Smoking is a significant health concern and cause of death worldwide. However, it is very difficult to quit. There are several products available to help with this, but the relative effectiveness of these methods has long been uncertain. This comprehensive analysis now offers clarity, providing people who smoke, healthcare professionals, and policymakers with reliable data to make informed decisions.
The researchers incorporated key factors like the effectiveness of various interventions and their safety profiles. The study's findings could be vital information to help reshape public health policies and strategies, offering smokers more effective tools to quit for good.

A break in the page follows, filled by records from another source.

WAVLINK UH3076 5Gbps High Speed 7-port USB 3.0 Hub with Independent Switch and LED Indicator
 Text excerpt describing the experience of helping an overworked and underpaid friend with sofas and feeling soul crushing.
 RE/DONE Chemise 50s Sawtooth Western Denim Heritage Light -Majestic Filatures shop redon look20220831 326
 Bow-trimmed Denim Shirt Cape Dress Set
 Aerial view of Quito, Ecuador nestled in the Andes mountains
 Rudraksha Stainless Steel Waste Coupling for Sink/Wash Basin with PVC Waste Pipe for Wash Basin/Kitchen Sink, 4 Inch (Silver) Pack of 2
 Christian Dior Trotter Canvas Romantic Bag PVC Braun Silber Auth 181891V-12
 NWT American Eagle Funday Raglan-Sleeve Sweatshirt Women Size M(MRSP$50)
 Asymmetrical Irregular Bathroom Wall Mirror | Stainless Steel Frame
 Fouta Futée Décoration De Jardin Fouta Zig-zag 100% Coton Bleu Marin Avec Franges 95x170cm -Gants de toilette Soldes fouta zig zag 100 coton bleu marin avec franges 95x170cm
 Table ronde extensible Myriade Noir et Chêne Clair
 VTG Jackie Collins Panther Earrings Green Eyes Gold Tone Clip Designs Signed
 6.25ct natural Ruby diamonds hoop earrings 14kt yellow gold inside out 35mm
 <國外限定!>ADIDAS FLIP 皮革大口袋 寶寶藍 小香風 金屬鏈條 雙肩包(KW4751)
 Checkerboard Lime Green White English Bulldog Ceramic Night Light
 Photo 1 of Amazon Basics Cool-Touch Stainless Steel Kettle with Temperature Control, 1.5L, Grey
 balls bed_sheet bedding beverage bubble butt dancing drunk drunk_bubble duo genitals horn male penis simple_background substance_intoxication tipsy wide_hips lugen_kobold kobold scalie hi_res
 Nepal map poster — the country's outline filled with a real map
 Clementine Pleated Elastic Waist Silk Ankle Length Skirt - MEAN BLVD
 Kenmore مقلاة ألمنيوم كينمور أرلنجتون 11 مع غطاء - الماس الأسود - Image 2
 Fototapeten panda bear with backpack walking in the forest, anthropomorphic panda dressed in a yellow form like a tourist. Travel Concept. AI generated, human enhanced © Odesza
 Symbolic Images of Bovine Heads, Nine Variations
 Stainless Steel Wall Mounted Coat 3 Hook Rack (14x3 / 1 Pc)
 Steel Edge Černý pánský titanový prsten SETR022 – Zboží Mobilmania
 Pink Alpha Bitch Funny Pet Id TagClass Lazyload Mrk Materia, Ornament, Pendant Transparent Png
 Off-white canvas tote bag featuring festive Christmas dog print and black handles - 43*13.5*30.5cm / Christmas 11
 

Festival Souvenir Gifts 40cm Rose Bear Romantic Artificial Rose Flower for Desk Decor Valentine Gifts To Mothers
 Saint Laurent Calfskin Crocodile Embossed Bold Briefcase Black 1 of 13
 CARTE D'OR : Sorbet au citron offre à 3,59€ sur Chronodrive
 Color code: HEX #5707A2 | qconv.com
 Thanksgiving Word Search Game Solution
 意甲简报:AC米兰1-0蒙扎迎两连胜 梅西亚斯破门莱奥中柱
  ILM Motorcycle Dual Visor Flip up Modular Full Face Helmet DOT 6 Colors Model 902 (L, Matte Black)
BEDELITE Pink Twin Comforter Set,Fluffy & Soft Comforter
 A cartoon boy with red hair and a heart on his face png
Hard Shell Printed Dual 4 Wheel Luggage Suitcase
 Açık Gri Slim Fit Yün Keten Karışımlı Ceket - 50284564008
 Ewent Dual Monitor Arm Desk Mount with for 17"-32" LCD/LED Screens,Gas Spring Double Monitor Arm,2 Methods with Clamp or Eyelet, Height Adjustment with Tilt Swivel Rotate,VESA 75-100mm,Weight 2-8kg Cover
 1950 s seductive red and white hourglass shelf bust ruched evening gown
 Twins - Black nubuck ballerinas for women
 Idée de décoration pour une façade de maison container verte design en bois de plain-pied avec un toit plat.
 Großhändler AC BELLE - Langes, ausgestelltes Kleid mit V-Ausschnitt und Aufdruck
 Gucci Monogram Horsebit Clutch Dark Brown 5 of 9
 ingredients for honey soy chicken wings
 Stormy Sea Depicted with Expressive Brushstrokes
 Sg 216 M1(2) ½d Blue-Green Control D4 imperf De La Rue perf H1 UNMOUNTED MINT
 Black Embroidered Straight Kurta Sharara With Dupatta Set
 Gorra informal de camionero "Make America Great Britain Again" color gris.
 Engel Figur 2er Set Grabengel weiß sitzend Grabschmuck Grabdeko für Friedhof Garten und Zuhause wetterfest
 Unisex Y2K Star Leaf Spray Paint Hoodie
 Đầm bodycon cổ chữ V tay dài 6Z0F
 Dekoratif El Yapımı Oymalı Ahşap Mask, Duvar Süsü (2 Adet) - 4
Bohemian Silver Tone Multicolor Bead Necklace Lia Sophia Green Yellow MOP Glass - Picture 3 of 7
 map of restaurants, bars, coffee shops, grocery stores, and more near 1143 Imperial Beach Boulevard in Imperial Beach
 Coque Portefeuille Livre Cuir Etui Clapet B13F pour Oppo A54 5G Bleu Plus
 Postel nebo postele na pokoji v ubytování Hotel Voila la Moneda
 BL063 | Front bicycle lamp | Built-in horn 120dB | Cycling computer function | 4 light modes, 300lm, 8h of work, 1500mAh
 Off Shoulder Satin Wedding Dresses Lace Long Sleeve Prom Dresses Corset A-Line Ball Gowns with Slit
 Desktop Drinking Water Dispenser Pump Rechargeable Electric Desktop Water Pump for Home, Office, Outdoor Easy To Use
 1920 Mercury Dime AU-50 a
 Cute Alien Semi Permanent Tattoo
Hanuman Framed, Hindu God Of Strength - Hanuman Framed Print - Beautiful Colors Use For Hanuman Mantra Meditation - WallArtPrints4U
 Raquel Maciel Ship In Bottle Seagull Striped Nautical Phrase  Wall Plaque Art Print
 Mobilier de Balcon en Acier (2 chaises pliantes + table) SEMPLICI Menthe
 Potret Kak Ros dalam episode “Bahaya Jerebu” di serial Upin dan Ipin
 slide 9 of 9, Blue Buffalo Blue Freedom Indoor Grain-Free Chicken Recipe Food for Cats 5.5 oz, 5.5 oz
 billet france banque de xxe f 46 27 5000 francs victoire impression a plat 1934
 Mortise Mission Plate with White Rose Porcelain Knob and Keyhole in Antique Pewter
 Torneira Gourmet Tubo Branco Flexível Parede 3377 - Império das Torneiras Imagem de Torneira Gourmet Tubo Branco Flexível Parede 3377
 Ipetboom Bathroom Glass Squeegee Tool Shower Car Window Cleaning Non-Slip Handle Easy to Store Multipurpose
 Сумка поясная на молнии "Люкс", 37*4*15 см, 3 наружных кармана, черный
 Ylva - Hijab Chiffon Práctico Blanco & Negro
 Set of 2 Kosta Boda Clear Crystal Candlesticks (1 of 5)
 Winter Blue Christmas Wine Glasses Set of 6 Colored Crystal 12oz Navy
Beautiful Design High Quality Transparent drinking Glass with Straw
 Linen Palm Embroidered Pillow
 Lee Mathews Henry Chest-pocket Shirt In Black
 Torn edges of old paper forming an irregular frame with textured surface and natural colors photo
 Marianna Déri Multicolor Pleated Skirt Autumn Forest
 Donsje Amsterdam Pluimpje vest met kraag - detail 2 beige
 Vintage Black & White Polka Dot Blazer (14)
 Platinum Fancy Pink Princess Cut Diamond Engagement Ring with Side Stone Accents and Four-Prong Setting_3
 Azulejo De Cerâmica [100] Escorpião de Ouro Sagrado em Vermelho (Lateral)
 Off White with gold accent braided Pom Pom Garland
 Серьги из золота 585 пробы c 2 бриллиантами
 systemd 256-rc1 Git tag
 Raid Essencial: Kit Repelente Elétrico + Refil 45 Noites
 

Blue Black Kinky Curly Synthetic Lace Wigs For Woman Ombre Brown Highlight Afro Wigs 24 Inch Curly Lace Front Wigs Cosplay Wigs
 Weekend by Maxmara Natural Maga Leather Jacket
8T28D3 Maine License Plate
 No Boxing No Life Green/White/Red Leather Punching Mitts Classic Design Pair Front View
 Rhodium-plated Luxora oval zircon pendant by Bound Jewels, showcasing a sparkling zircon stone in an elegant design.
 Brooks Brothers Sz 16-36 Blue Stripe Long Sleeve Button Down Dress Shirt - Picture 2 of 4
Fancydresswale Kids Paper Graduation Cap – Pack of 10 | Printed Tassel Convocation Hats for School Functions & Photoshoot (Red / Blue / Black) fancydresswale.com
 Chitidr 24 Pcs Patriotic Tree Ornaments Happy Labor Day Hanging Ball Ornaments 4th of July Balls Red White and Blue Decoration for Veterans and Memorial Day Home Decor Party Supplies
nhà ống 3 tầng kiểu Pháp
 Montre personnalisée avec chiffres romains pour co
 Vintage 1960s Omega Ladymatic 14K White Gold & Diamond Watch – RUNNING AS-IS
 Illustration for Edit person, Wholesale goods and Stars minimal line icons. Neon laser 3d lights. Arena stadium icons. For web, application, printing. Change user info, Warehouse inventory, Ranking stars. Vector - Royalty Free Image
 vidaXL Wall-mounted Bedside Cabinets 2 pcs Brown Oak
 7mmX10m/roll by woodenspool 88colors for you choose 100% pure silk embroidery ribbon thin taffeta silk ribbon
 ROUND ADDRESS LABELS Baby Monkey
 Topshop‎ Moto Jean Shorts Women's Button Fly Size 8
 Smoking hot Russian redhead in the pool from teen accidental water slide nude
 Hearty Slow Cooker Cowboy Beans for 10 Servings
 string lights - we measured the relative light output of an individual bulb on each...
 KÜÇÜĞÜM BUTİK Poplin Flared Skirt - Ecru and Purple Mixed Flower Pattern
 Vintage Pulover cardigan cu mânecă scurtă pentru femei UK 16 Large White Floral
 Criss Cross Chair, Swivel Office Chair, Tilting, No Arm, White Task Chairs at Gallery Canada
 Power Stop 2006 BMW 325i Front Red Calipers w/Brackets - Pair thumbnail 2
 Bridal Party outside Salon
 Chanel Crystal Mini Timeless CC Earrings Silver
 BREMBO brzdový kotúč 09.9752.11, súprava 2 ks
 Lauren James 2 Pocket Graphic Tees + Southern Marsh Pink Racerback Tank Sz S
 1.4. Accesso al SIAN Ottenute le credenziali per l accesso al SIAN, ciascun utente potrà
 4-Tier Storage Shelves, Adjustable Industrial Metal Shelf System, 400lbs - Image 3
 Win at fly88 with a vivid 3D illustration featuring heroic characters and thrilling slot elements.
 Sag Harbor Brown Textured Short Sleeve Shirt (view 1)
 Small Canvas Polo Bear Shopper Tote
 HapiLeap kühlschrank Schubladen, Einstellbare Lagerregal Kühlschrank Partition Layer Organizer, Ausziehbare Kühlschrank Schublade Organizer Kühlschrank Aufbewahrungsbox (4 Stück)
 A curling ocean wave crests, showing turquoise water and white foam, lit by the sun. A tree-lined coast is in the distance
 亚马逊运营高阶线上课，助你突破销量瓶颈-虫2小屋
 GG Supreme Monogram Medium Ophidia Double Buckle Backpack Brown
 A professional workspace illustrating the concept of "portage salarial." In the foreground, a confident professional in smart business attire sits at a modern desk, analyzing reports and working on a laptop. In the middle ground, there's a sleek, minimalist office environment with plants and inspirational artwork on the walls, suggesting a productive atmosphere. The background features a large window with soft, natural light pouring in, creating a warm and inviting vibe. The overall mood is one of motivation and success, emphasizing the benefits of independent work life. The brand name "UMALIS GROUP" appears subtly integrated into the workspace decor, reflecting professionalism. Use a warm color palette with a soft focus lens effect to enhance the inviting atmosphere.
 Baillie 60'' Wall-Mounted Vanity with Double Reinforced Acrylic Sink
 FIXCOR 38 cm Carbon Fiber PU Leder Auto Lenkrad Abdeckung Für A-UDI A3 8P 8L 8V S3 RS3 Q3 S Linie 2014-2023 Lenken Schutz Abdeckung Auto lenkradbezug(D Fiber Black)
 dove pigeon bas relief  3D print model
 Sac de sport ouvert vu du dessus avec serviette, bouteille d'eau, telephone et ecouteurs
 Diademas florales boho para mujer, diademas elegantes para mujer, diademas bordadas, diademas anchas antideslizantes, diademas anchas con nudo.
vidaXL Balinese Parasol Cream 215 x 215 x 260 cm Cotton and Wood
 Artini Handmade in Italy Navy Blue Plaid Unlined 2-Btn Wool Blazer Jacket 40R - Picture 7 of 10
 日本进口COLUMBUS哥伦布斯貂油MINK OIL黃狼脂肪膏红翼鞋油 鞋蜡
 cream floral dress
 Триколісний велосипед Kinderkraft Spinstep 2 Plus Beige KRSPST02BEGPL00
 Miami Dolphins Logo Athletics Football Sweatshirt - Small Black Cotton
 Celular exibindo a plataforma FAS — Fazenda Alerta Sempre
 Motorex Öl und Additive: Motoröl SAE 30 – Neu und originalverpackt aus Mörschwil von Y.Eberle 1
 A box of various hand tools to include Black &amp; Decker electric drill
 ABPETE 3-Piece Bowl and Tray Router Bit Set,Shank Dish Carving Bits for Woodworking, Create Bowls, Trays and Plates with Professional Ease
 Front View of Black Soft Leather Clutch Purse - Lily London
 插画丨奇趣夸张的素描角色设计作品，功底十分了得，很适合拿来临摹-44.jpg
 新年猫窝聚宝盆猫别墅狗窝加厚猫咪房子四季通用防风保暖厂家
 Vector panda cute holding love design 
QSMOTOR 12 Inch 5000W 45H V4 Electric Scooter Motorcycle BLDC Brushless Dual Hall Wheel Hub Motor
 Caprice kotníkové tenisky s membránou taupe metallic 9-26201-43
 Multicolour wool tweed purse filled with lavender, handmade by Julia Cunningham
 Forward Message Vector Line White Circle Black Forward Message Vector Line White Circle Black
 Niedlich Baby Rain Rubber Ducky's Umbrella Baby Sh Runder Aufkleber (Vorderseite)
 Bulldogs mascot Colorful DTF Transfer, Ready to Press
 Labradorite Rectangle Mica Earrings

Dr Jamie Hartmann-Boyce, co-author who was based at the University of Oxford during the research and is now Assistant Professor at the University of Massachusetts Amherst, said: 'In sifting through extensive data, we've gained valuable insights into effective smoking cessation methods. Smoking remains the leading cause of preventable disease and death worldwide, and though many people want to quit smoking, it can be hard to do so. Our findings provide clear evidence of the effectiveness of nicotine e-cigarettes and combination nicotine replacement therapies to help people quit smoking. The evidence also is clear on the benefits of medicines cytisine and varenicline, but these may be harder for some people to access at the moment. The best thing someone who smokes can do for their health is to quit smoking, and evidence shows that using varenicline, cytisine, or nicotine e-cigarettes in combination with behavioural support will give them the best chances of successfully doing so.'
The review focused exclusively on evaluating the efficacy of a range of smoking cessation methods, aligning with its defined scope and primary research focus. It did not delve into broader aspects of the public health discourse regarding e-cigarettes, such as their usage among non-smokers and adolescents. While the review uncovered no substantial evidence of significant adverse effects, it is important to note that most studies tracked participants for a period ranging from six to twelve months, leaving a gap in data concerning potential long-term consequences.
The massive study concluded that more data on serious side effects and the number of people who stop using a product due to side effects would be beneficial. However, this robust analysis provides strong evidence to inform treatment guidelines and policies aimed at helping smokers quit.
The study, ‘Pharmacological and electronic cigarette interventions for smoking cessation in adults: component network meta-analyses’ is published in the Cochrane Database of Systematic Reviews.